Do lado das estruturas de resposta – médicos de família, hospitais, unidades locais de saúde e cuidados continuados integrados – raras são as experiências em que o doente é objeto do concurso simultâneo de uma equipa integrada e mais raro ainda que essa equipa vá a casa e constitua aí o espaço adequado para tratar doentes crónicos com grandes dificuldades de mobilidade.
A população idosa deve ter acesso a um projeto, sempre que possível individualizado, de promoção da sua saúde e de prevenção e controlo das suas doenças, preferencialmente na comunidade e no domicilio. Com isso se evitarão muitas idas às urgências, muitos internamentos, muitas infeções e alguma mortalidade. Grande parte das doenças crónicas, desde que devidamente acompanhadas por profissionais a trabalhar em equipa (do diagnóstico à reabilitação) podem ser controladas em ambulatório e permitir ao doente uma qualidade de vida razoável e com dignidade. Utilizando menos recursos e dispensando, por vezes, o uso de recursos altamente sofisticados.

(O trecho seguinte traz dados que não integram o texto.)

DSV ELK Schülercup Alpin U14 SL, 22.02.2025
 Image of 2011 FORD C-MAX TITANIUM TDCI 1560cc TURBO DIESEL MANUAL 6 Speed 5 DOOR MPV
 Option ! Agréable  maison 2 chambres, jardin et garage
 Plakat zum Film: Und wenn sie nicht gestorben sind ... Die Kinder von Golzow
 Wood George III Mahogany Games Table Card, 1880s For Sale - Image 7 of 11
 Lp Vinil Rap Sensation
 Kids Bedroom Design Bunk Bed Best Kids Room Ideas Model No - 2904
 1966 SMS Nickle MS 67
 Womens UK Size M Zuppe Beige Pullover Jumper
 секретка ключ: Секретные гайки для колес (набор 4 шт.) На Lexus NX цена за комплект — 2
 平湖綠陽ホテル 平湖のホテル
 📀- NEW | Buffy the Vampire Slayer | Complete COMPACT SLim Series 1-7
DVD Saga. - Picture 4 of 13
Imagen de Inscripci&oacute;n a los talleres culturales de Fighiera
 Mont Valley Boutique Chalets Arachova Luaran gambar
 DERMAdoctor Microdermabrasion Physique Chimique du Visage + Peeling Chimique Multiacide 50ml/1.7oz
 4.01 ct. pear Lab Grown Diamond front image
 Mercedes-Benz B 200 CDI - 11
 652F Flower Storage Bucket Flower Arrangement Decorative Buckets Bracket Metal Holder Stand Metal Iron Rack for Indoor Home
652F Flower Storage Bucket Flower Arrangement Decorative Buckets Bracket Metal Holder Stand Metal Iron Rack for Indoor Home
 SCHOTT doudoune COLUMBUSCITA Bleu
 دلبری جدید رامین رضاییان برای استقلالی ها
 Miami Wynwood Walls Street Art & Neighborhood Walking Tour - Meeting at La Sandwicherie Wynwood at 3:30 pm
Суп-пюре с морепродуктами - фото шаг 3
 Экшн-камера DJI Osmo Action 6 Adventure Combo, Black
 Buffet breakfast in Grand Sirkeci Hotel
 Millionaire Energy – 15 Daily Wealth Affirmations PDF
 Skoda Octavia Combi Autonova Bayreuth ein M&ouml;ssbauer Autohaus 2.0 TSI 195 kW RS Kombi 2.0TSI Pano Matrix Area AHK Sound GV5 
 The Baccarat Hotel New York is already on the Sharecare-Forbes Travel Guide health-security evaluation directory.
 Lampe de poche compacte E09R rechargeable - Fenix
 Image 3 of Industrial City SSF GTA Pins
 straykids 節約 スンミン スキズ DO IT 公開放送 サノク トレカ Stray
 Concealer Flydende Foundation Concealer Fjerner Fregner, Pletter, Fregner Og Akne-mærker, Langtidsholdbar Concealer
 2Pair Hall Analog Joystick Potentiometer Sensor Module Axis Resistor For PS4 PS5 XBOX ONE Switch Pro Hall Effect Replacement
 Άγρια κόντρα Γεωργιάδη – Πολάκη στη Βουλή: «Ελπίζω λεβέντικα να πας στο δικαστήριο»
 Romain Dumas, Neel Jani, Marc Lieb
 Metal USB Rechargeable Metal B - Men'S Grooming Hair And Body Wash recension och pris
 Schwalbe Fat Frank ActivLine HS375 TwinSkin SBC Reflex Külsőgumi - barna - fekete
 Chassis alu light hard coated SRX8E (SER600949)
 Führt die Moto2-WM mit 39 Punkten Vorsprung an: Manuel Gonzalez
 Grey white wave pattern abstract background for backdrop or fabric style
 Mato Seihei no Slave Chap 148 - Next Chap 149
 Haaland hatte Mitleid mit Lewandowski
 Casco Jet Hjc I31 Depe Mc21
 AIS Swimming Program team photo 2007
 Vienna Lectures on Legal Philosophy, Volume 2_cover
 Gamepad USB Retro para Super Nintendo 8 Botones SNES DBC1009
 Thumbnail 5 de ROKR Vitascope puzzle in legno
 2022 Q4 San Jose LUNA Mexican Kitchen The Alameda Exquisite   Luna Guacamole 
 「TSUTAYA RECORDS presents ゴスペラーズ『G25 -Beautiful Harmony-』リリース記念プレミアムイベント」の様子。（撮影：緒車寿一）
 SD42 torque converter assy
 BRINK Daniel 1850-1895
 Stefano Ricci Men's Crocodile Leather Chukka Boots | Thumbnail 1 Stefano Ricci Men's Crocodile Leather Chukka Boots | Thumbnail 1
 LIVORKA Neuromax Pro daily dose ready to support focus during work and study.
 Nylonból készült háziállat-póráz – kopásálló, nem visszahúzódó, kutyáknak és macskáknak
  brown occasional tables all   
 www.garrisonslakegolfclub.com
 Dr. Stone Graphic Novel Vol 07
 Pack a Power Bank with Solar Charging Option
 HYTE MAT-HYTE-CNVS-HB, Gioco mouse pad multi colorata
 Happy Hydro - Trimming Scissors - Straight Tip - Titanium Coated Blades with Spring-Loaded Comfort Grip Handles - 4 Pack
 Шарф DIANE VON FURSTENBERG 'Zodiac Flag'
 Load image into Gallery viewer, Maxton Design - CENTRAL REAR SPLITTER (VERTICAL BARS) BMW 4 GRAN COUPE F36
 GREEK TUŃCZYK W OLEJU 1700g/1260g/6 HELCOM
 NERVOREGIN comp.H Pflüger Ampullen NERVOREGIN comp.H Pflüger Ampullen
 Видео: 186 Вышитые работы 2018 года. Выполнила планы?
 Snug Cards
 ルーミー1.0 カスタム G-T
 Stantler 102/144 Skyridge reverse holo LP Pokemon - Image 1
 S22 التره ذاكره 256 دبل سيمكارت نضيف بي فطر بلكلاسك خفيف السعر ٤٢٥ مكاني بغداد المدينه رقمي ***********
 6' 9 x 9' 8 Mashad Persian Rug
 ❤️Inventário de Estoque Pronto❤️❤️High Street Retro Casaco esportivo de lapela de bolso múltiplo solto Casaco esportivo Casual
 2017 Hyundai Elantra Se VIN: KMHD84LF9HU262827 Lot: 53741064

O programa de hospitalização domiciliária que este governo iniciou já este ano, pode ser uma peça importante deste puzzle mais amplo em matéria de modelo e de objetivos. No mesmo sentido parece posicionar-se a ideia de criar equipas móveis para as zonas rurais de baixa densidade. Mas estes projetos não podem ser iniciativas avulsas, sem um enquadramento estratégico que privilegie a prestação integrada de cuidados e coloque o foco na população mais idosa e na comunidade, adaptando os serviços e os profissionais às suas necessidades. Estamos sempre a dizer que os portugueses vivem cada vez mais anos, mas que a qualidade de vida nos últimos anos é uma das mais baixas da Europa. Esta é a prova de que este SNS não está realmente preparado para estes desafios.
Chegou o tempo de fazermos diferente. É destas reformas na saúde que o futuro do país precisa. Racionaliza recursos e trata melhor as pessoas.